José fez um ar pensativo.

"Olha lá, António, isto não é pecado?"

"Claro que é, ó idiota! E por isso que tens de executar a operação, não percebes?" Apontou-lhe o indicador. "Precisas de pecados para confessar. Se não fizeres isto, o que diabo vais confessar tu no domingo ao padre Augusto?! Que deste uns peidos às escondidas? Que tiraste uns burriés do nariz sem o pai ver?"

O mais novo meditou naquelas sábias palavras. Como sempre, concluiu, o irmão tinha razão.

Precisava realmente de facturar uns pecados e tinha diante de si uma oportunidade de ouro, uma daquelas ocasiões que seria um crime desperdiçar.

"Obrigado, António", exclamou com um sorriso. "És mesmo meu amigo." Saltou da cama e pôs-se em pé, endireitando o corpo. "Vamos lá às rabanadas?"


Passaram o Verão em raides cirúrgicos, numa rotina clandestina que se repetia na pacatez das trevas. À noitinha, quando toda a família dormia e a vida se suspendia, António ia despertar José e o pequeno saía à aventura, como um batedor, explorando os cantos da casa. O primeiro alvo, devidamente assinalado pelo irmão mais velho, era o pesado molho de chaves que a mãe guardava no avental. José esgueirava-se pela porta do quarto dos pais e, rastejando, no início, ou caminhando curvado, quando ganhou mais traquejo, mas sempre com infinitas cautelas, abria o armário e apalpava as roupas penduradas nos cabides, passava a mão por todas, ao de leve, até descobrir o avental; fazia deslizar os dedos até aos bolsos, num exercício que só terminava quando identificava a superfície fria e dura do molho, que retirava com suprema lentidão para evitar um chocalhar denunciador do metal.

Com o molho de chaves nas mãos, entregavam-se os dois à orgia das guloseimas. Abriam os armários da cozinha e da sala de jantar, ou entravam na despensa do rés-do-chão, e devoravam duas fatias de rabanadas e um bolinho cada um. Embora se tratasse supostamente de uma orgia, a verdade é que tudo comiam com alguma contenção. Afinal era importante não exagerar; caso contrário a mãe daria pela marosca na manhã seguinte e as coisas complicar-se-iam. Como não podiam arrasar todos os doces, apenas aliviavam os pratos de umas quantas fatias; dias depois a mãe reforçava a dose, sem perceber que as rabanadas e os bolinhos iam desaparecendo aos poucos nas furtivas excursões nocturnas dos dois rapazes.

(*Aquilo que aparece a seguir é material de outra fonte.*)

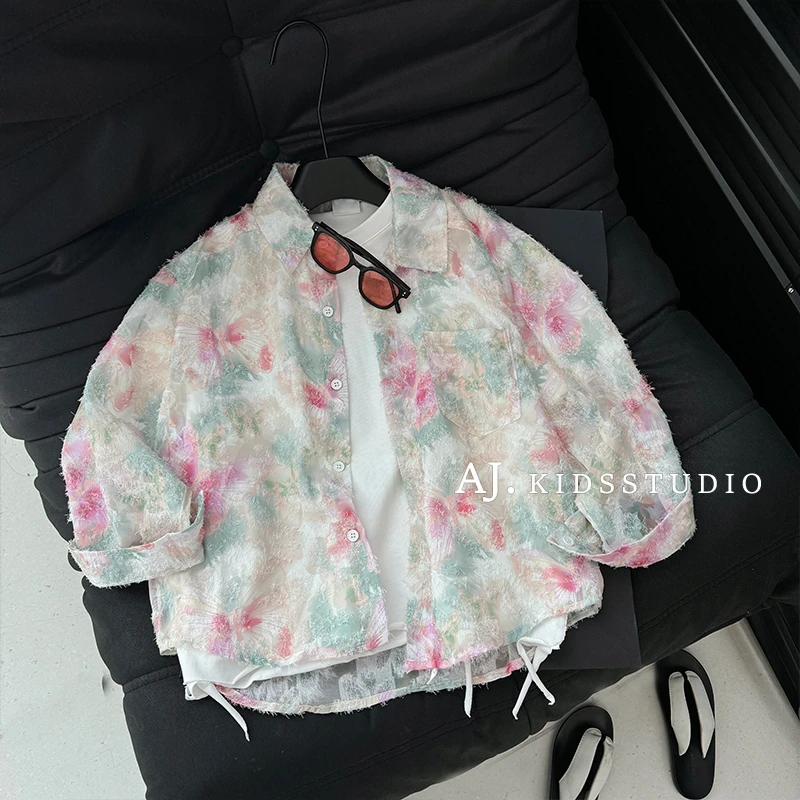 【现货】阿卷2025秋装儿童韩版碎花透气舒适长袖外套MPG4233-PP2
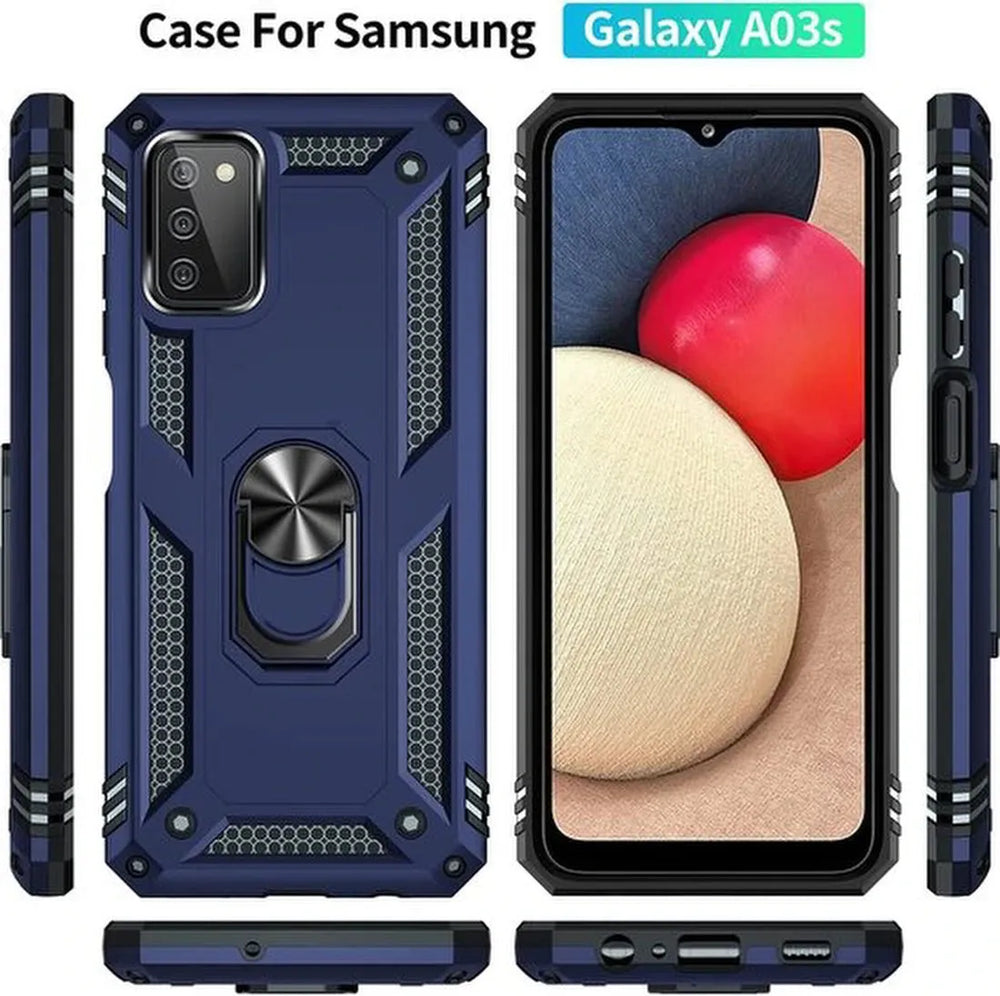 Samsung Galaxy A03S Hoesjes – Anti-Shock Hybride Ring Armor Backcover – Schokbestendig – Blauw-Ilumina Benelux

O problema é que António não se contentou com as rabanadas e os bolinhos de bolina. Cansado já daquela dieta repetitiva, decidiu atacar também as amêndoas das irmãs. Os almejados tesouros encontravam-se trancados numa gaveta cuja chave, por maravilhosa coincidência, se achava igualmente no fatídico molho da mãe. O mais velho decidiu passar à acção na sua última semana antes das férias; para isso bastou-lhe convencer José a lançar um raide decisivo ao quarto das raparigas, operação que, como era de esperar, decorreu com o habitual sucesso. O pequeno voltou com o embrulho das amêndoas doces das irmãs debaixo do braço e logo ambos engoliram duas cada, voltando José a guardar o resto no seu sítio. Na noite seguinte repetiram a operação e na outra noite também, fazendo sucessivas incursões no quarto das irmãs, que se prolongaram até as férias de António começarem.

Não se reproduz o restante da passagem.